_Task instructions_. Print nothing beyond the line with "Practice safe sex": every line from the beginning of the data up to it, that line included, and no pictures.

[[ Data section open ]]

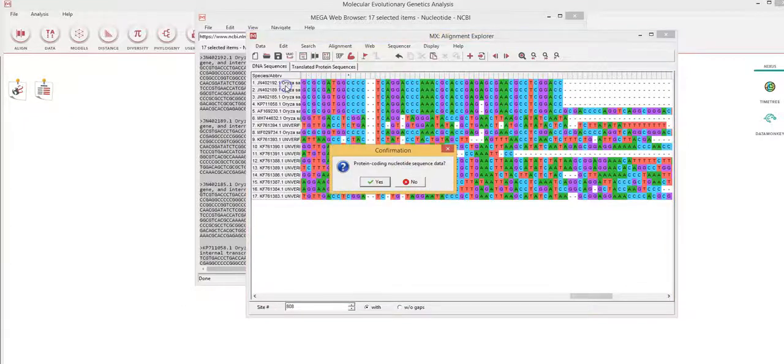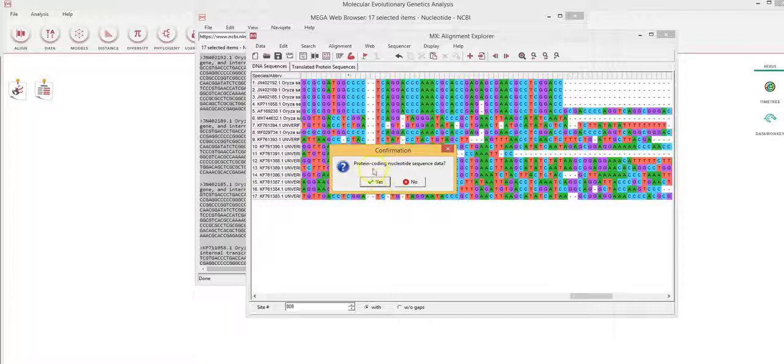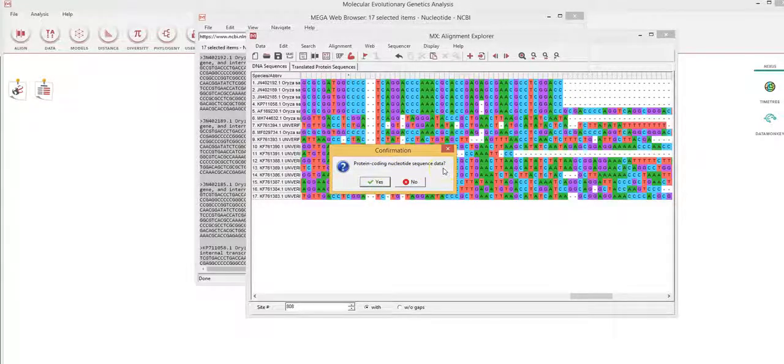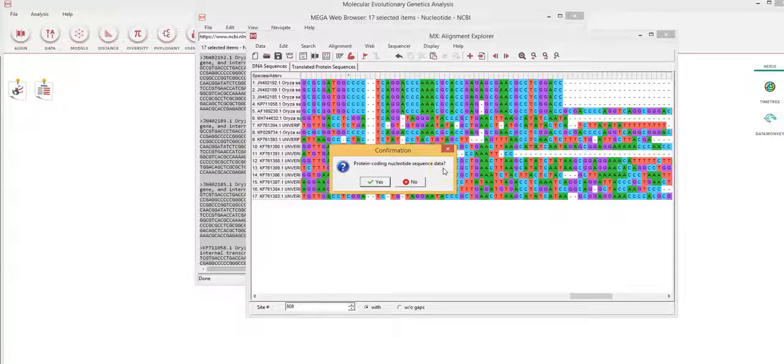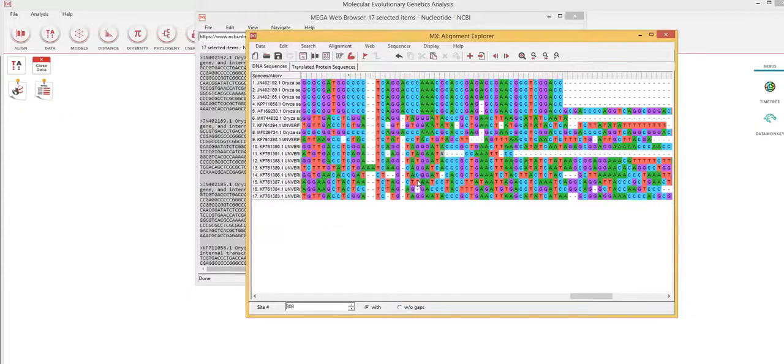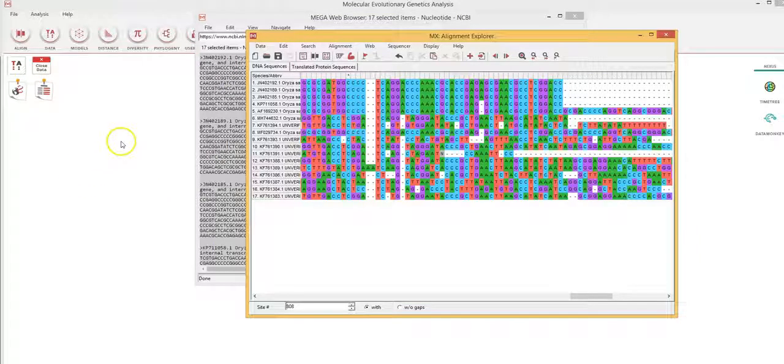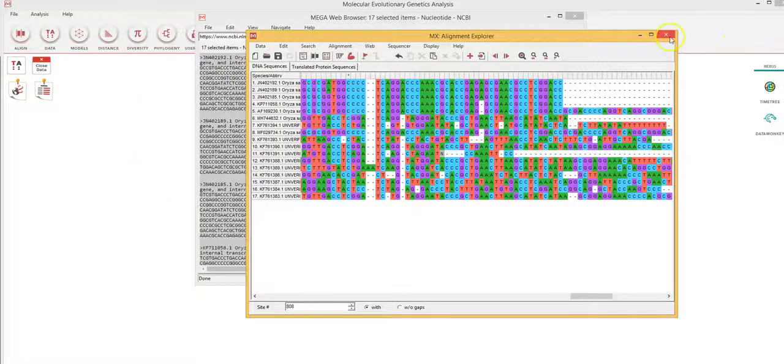And since these are non-protein coding nucleotide sequences, they are purely nucleotides which do not encode for a gene, I click no. They are now imported into the phylogenetic software.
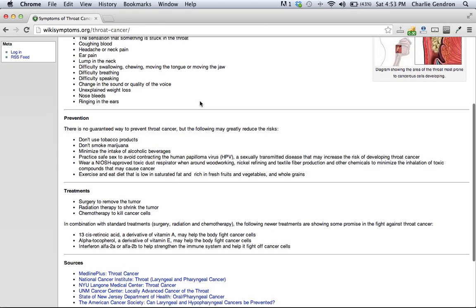Practice safe sex to avoid contracting the human papilloma virus HPV, a sexually transmitted disease that may increase the risk of developing throat cancer.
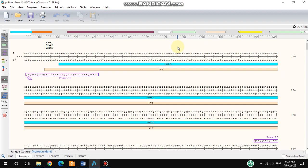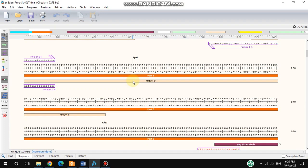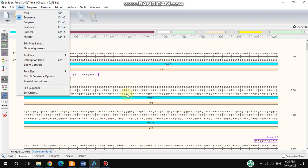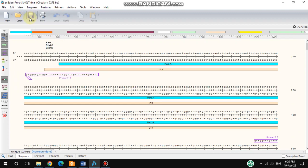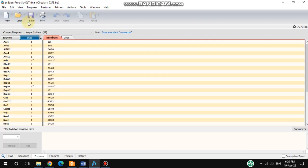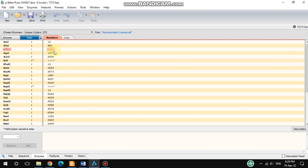In SnapGene, you can find restriction enzyme sites by clicking the View option. Under that option you will get the Enzymes section, where you will see all of the enzymes available, including their sites.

[[ Data section closed ]]

_Result below_.
And since these are non-protein coding nucleotide sequences, they are purely nucleotides which do not encode for a gene, I click no. They are now imported into the phylogenetic software.
Practice safe sex to avoid contracting the human papilloma virus HPV, a sexually transmitted disease that may increase the risk of developing throat cancer.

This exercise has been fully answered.